◆ **TRY IT**
Your copy should hold only the lines from the one containing "appartamento in vendita" through the final line of the entries, exactly as written, with no pictures.

· · · · · · ·

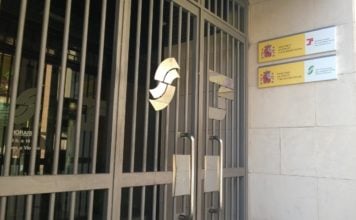 Acceso a las instalaciones del INSS en Guadalajara. (Foto: La Crónic@)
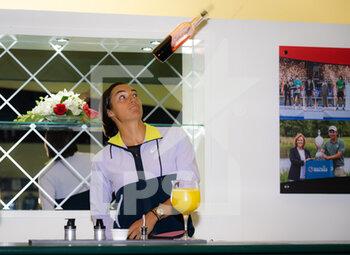 2022-02-13 - Caroline Garcia of France mixes drinks ahead of the 2022 Dubai Duty Free Tennis Championships WTA 1000 tennis tournament on February 13, 2022 at The Aviation Club Tennis Centre in Dubai, UAE - 2022 DUBAI DUTY FREE TENNIS CHAMPIONSHIPS WTA 1000 TENNIS TOURNAMENT - INTERNATIONALS - TENNIS
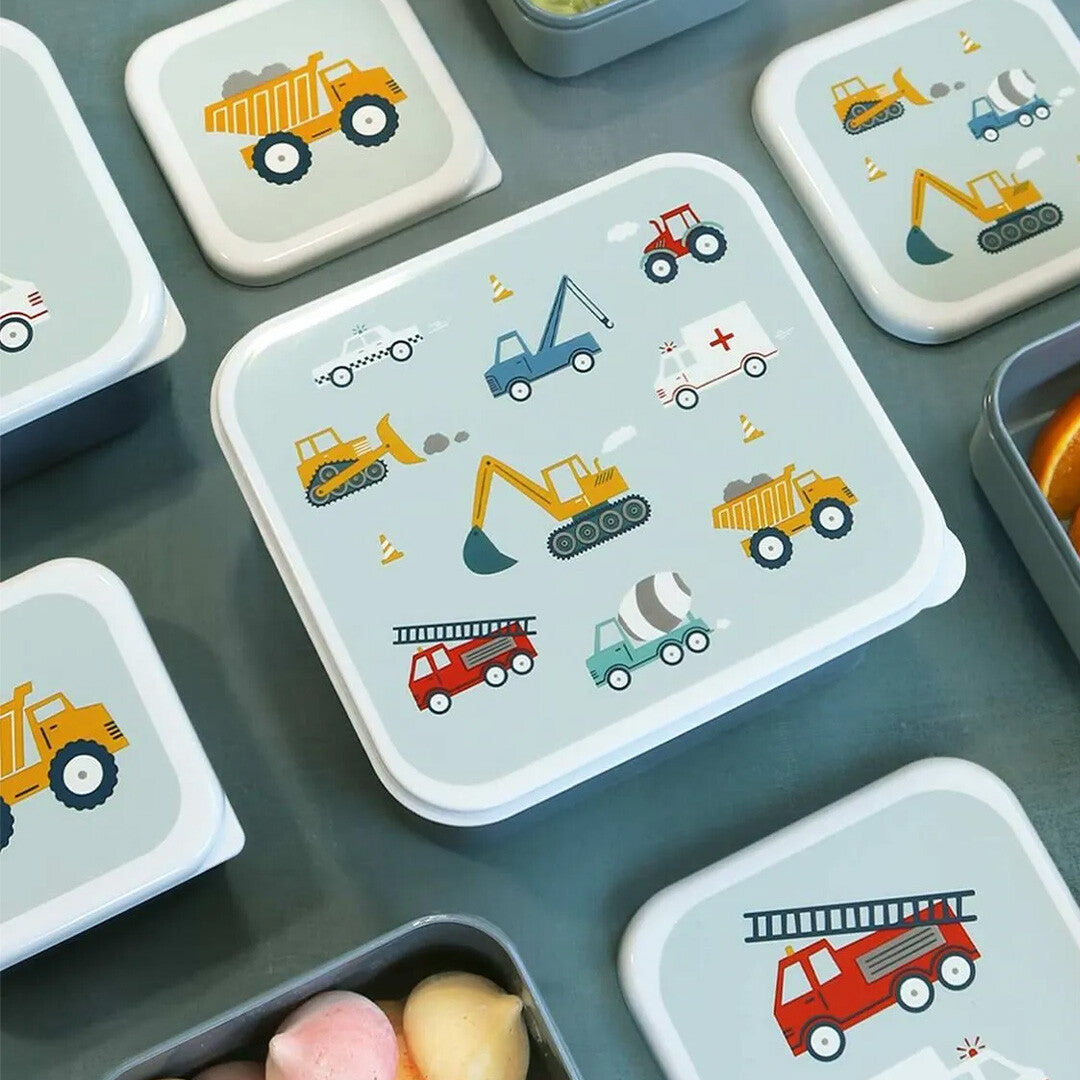 Close-up van de a little lovely company broodtrommelset met deksels met voertuigpatronen en enkele gevulde lunchboxen.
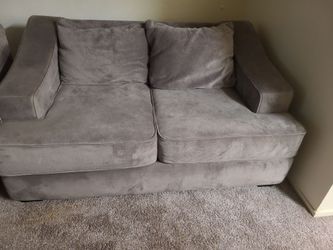Free love sofa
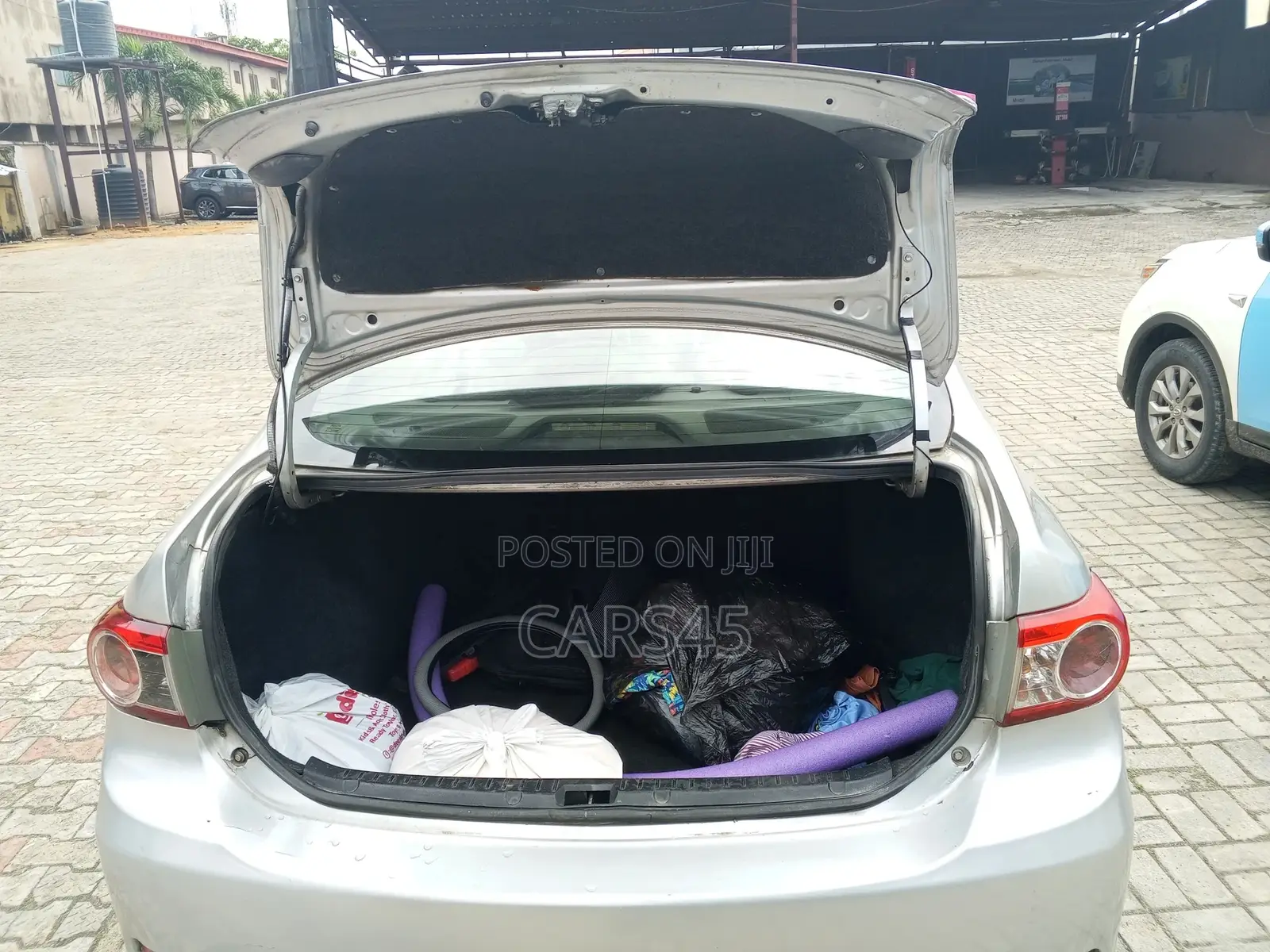 Toyota Corolla 2010 Silver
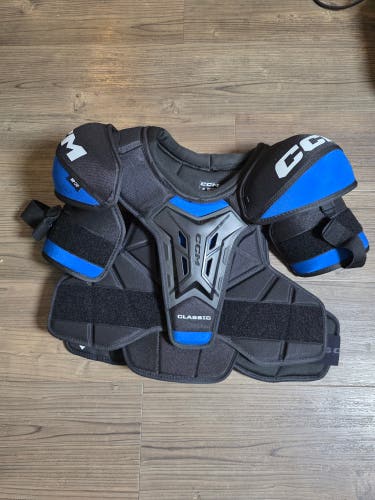 Large Senior CCM Tacks Classic Shoulder Pads (New)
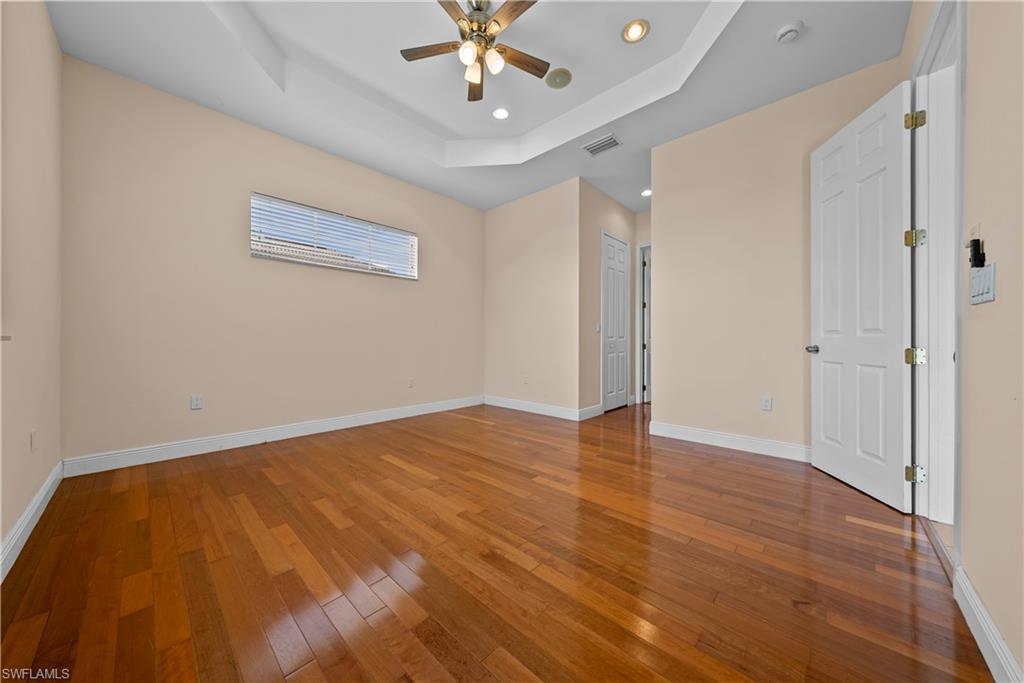680 Mirror Lakes Ct Property Photo 19
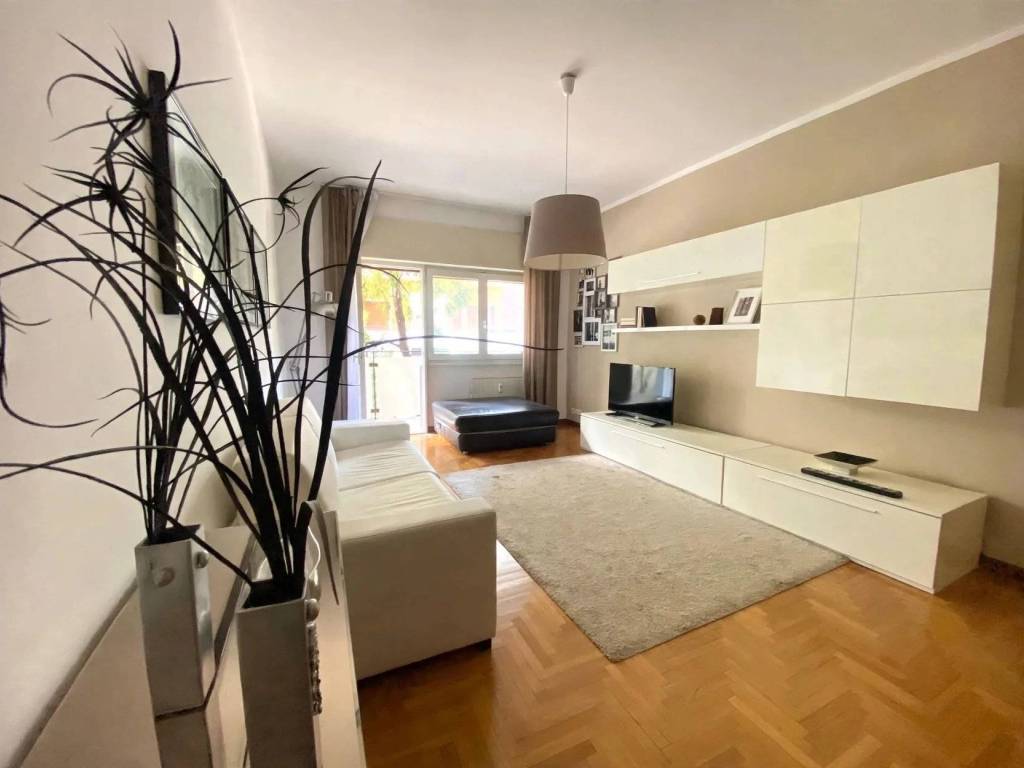appartamento in vendita a Como in zona Villa Olmo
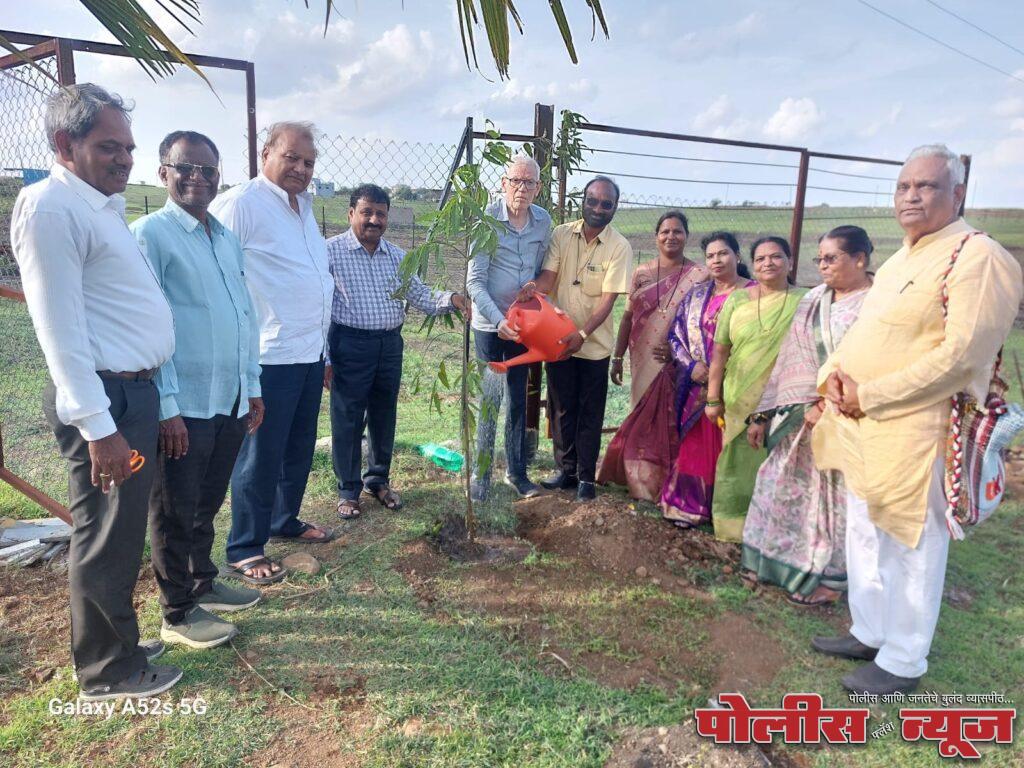 ज्येष्ठ नागरिक संघाच्या वतीने वृक्षारोपण
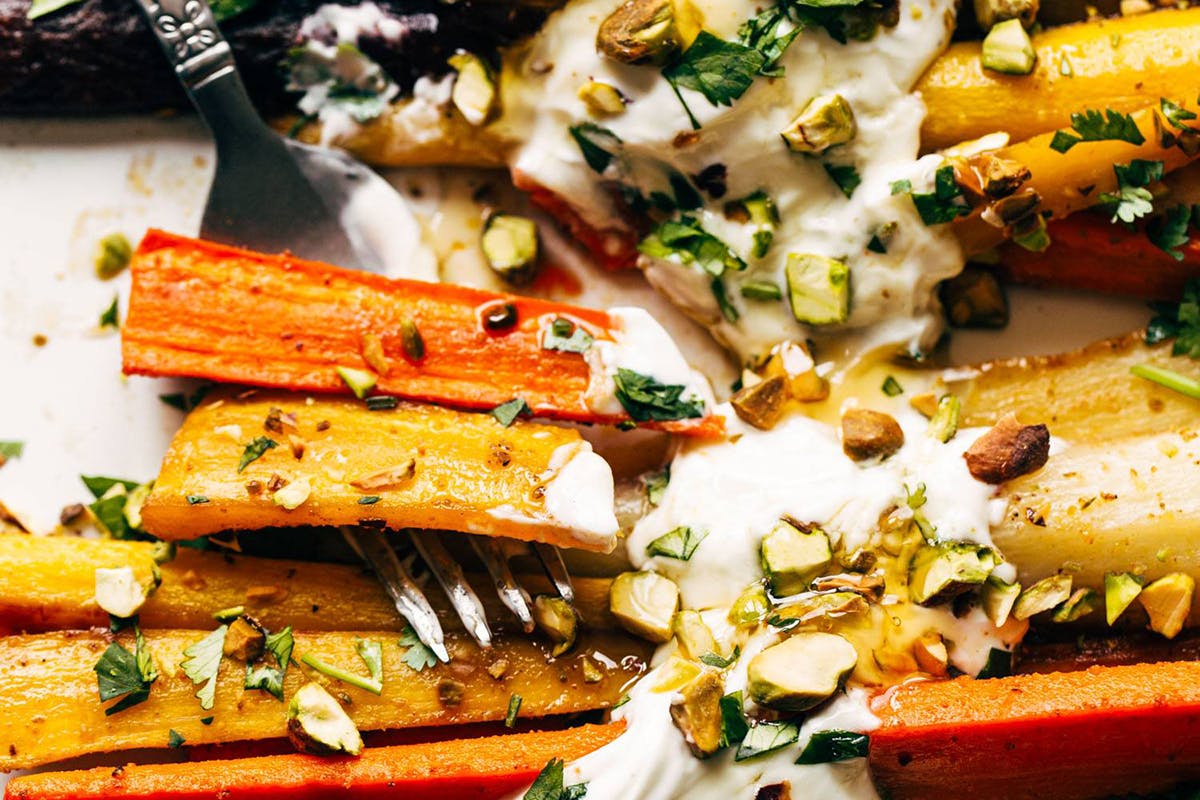 Roasted Carrots with Honey and Garlic Yogurt Sauce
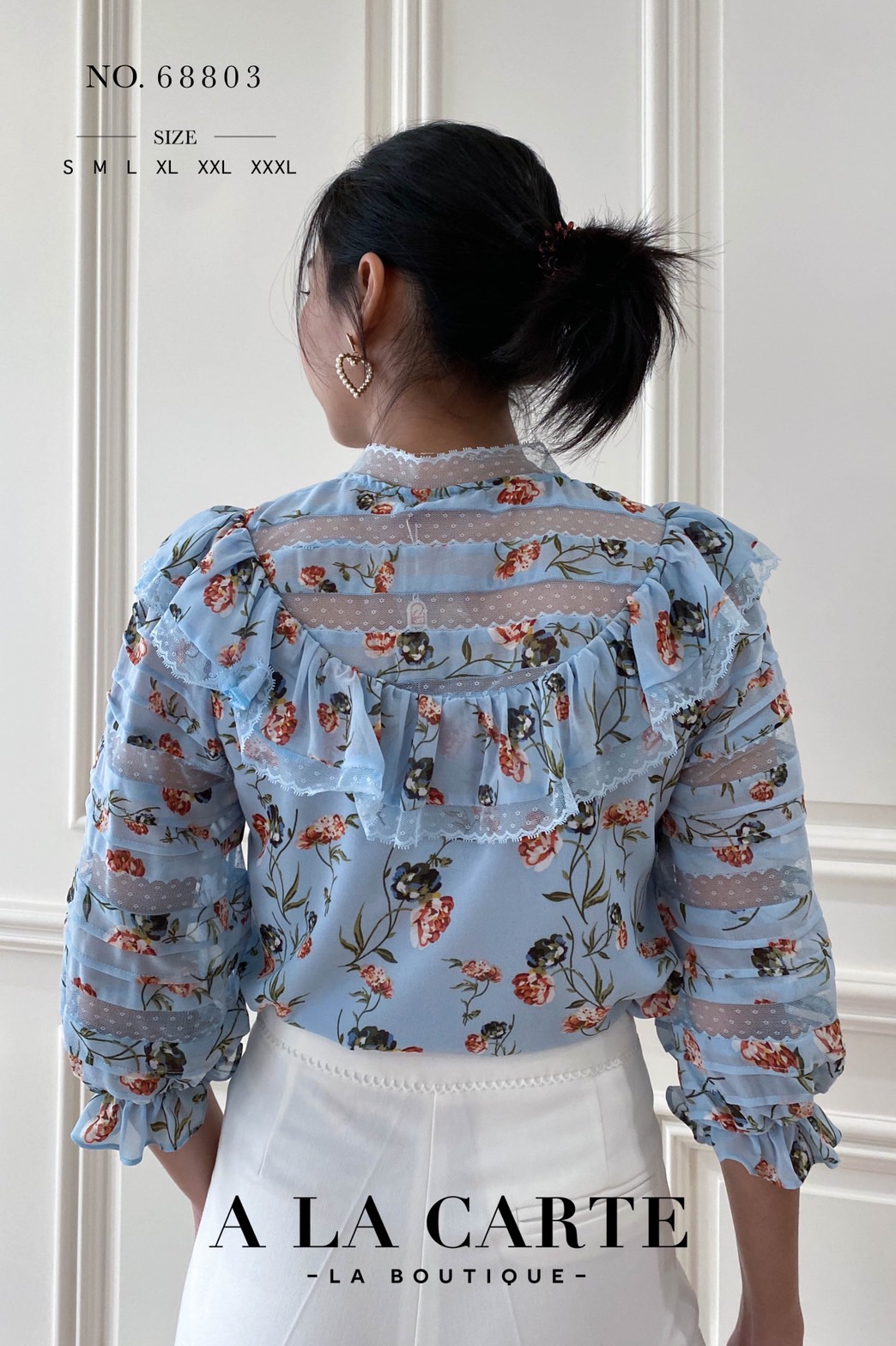 68803🍁A La Carte⚘️ 🍁เสื้อชีฟองพิมพ์ลาย ดีเทลตัดสลับทริมลูกไม้แบบชิ้นต่อชิ้น เรียงกันที่ช่วงอกและแขนเสื้อ คอปลดกระดุมได้ มีระบายโค้งรอบคอ แขนเสื้อ 3 ส่วนสม็อกยางยืดมีระบาย สีชมพู M สีฟ้า S สีดำ M,XL,2-XL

· · · · · · ·

◆ **TASK OUTPUT**
appartamento in vendita a Como in zona Villa Olmo
 ज्येष्ठ नागरिक संघाच्या वतीने वृक्षारोपण
 Roasted Carrots with Honey and Garlic Yogurt Sauce
 68803🍁A La Carte⚘️ 🍁เสื้อชีฟองพิมพ์ลาย ดีเทลตัดสลับทริมลูกไม้แบบชิ้นต่อชิ้น เรียงกันที่ช่วงอกและแขนเสื้อ คอปลดกระดุมได้ มีระบายโค้งรอบคอ แขนเสื้อ 3 ส่วนสม็อกยางยืดมีระบาย สีชมพู M สีฟ้า S สีดำ M,XL,2-XL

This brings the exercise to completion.